W piątek krakowski sąd zdecydował, że Anna K. trafi do aresztu tymczasowego na 2 miesiące. Zostanie w nim więc do 14 lipca.

Prokuratura wnioskowała o zastosowanie takiego środka m.in. ze względu na obawę matactwa.

- W dniu dzisiejszym sąd zdecydował o tymczasowym aresztowaniu Anny K. na okres 2 miesięcy. Podstawą tymczasowego aresztowania jest obawa ukrywania się podejrzanej, albowiem nie ma ona stałego miejsca zamieszkania, nie przebywa pod adresem zameldowania, ani też nie przebywa w miejscu pobytu – mówi Beata Górszczyk, Rzecznik Prasowy ds. Karnych Sądu Okręgowego w Krakowie. - W związku z tym, sąd, chcąc zagwarantować prawidłowy tok postepowania w zakresie postepowania prokuratorskiego, zdecydował się na zastosowanie tymczasowego aresztowania – dodaje.

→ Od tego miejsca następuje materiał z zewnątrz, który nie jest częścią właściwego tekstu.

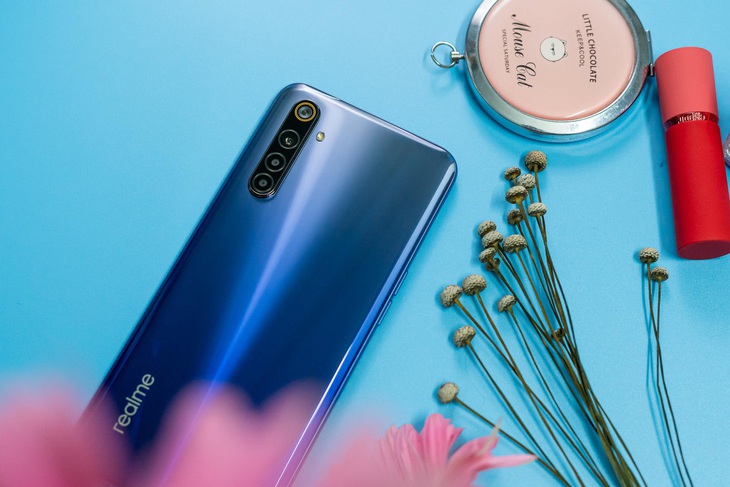 Sắm ngay Realme 6 tại Thế Giới Di Động để tránh dịch bớt nhàm chán - Ảnh 1.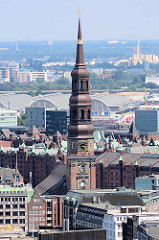 Kirchturm / Kupferturm der Hamburger Katharinenkirche - dahinter die denkmalgeschützte Architektur der Gemüsehallen in Hamburg Hammerbrook - re. im Hintergrund die Müllverbrennungsanlage MVA in Billbrook.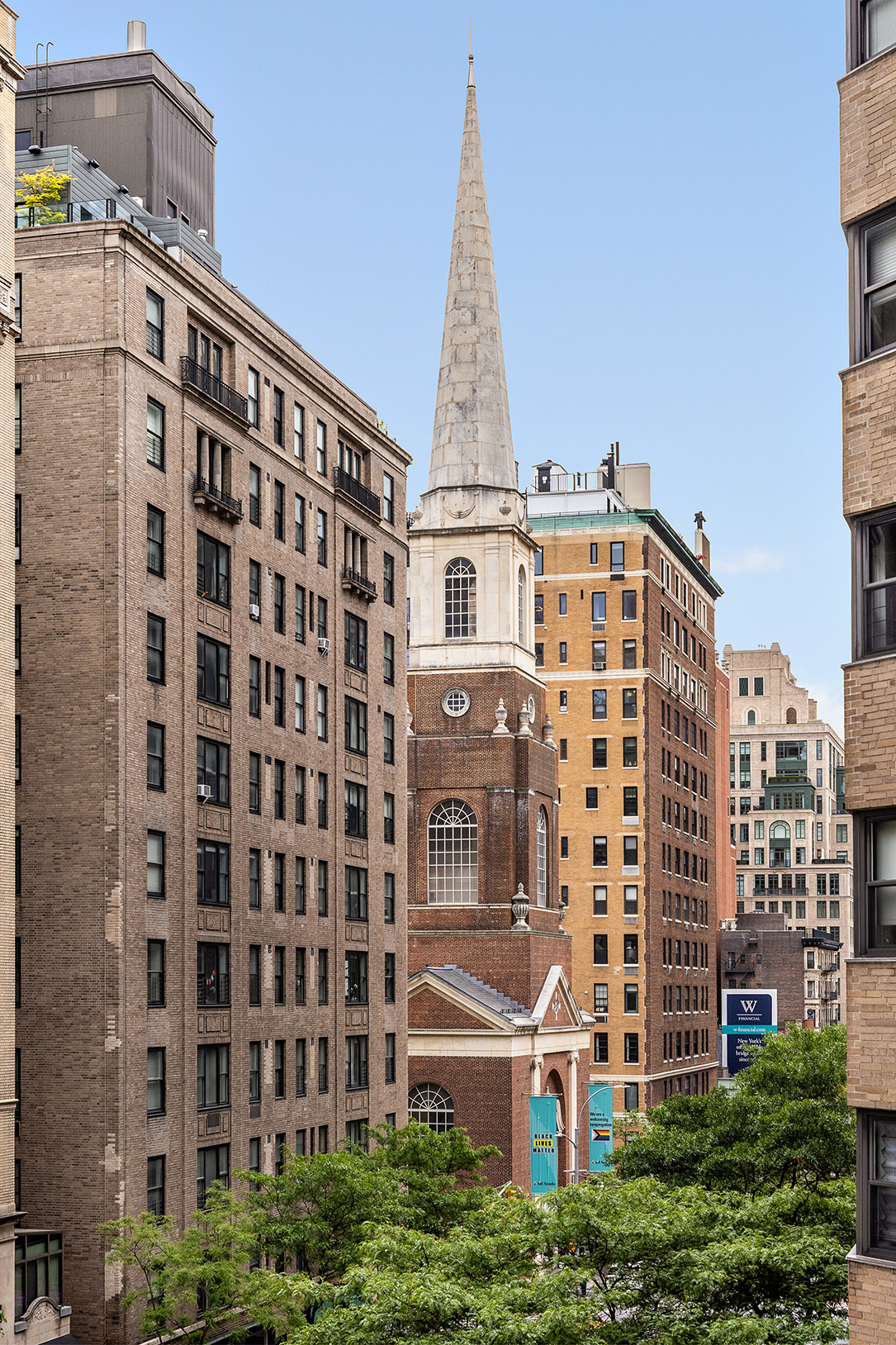 131 East 81st Street, Unit 4A Manhattan, NY 10028 - Photo 9 of 10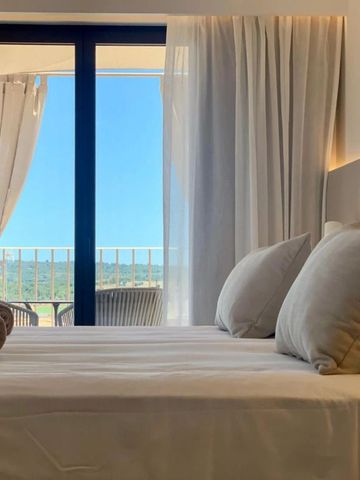 Komfortables Hotelzimmer mit Blick auf die Terrasse und die Landschaft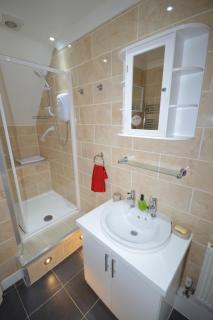 Whole House - Sleeps 5 - near town centre - off road parking - Hinckley - 6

55-letniej prezes Fundacji Ludzie w Potrzebie Zwierzętom, która usłyszała zarzut znęcania się nad zwierzętami ze szczególnym okrucieństwem, grożą nawet 3 lata więzienia.

Kilkadziesiąt zwierząt nie przeżyło

W środę w jej mieszkaniu w Krakowie znaleziono ponad 30 zwierząt (psów i kotów) przetrzymywanych w ciasnych klatkach. Sześć z nich nie żyło.

Z kolei na podkrakowskiej posesji w miejscowości Podłęże, należącej do kobiety, policja i pracownicy Krakowskiego Towarzystwa Opieki nad Zwierzętami odkryli jeszcze ponad 40 martwych psów. Z tego miejsca udało się uratować tylko dwa czworonogi.

Śledczy badają, co stało się z pieniędzmi, które fundacja kobiety dostawała na opiekę nad zwierzętami, m.in. od gmin.

"Wygłodzone w sposób koszmarny"

Zwierzęta, które znaleziono w mieszkaniu przy ul. Pawiej trafiły do krakowskiego schroniska dla bezdomnych zwierząt. - Część z nich jest w stanie agonalnym - mówi Andrzej Jaworski, kierownik placówki. Podkreśla, że opieka nad tymi zwierzętami to opieka szczególna. Potrzebują leczenia, karmienia i kontkatu z ludźmi. - Są po prostu wygłodzone w sposób koszmarny - opowiada Jaworski. - Część z nich jest zakaźnie chorych - dodaje. Zaznacza, że już długo pracuje w schronisku i psy w takim ciężkim stanie trafiają tu bardzo rzadko.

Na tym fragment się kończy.